Philosophers in recent times totally get why. If you put a person into a d-mat booth and take them apart atom by atom, have you killed them? If you then rebuild them by running the process in reverse, are they still the same person or an exact copy of the original, resurrected? Should we think of an exact copy of a person as the same thing as the original person, or are they different somehow? What about if you make two copies instead of just one? Are they same person–and if not, why not?
You can do your head in with this stuff. Or, since science hasn’t yet built a working matter transmitter, you can turn to fiction to explore it further. That’s the path I chose, culminating in the release of Twinmaker: Jump, which addresses some of these concerns head-on.

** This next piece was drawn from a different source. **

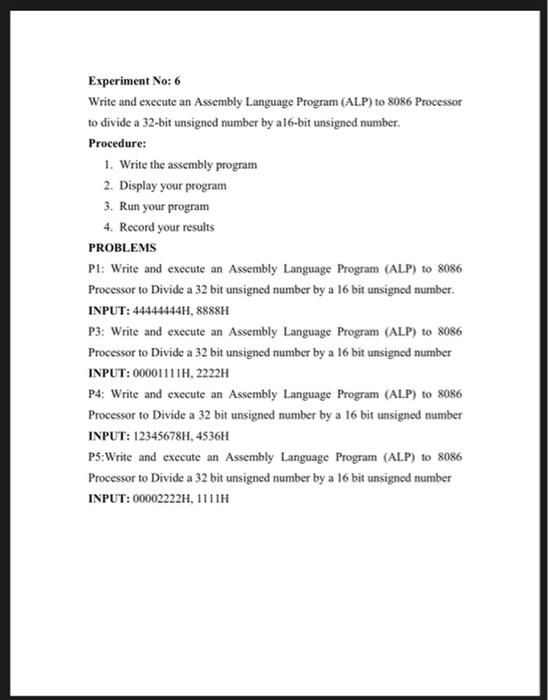  Experiment No: 6 Write and execute an Assembly Language Program (ALP)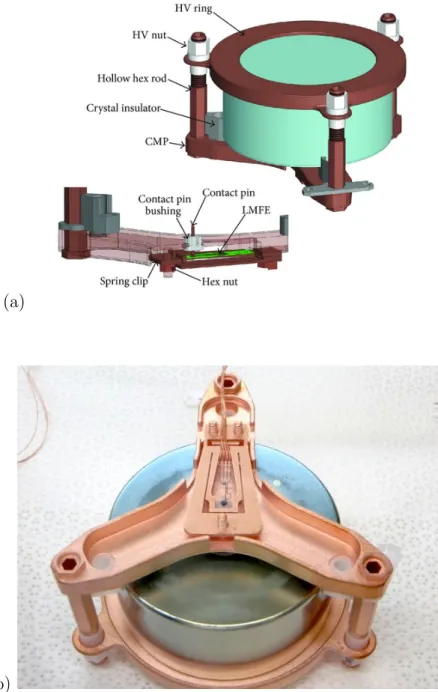Figure 1.4: (a) A conceptual drawing of the Demonstrator detector unit. (b) Picture of an assembled detector unit with LMFE visible on top.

But one idea isn’t enough for a novel, and I absolutely did not want to write a philosophy textbook. The book I wanted to write was a fast-paced thriller with a dash of romance to spice things up along the way (because who doesn’t love a good love story? I know I do). I wanted to leave the reader thinking about everything that just happened rather than feeling like they’ve just sat an exam. The best way to do that, for me, was to take them on a tour of the world–showing them rather than telling them all about it.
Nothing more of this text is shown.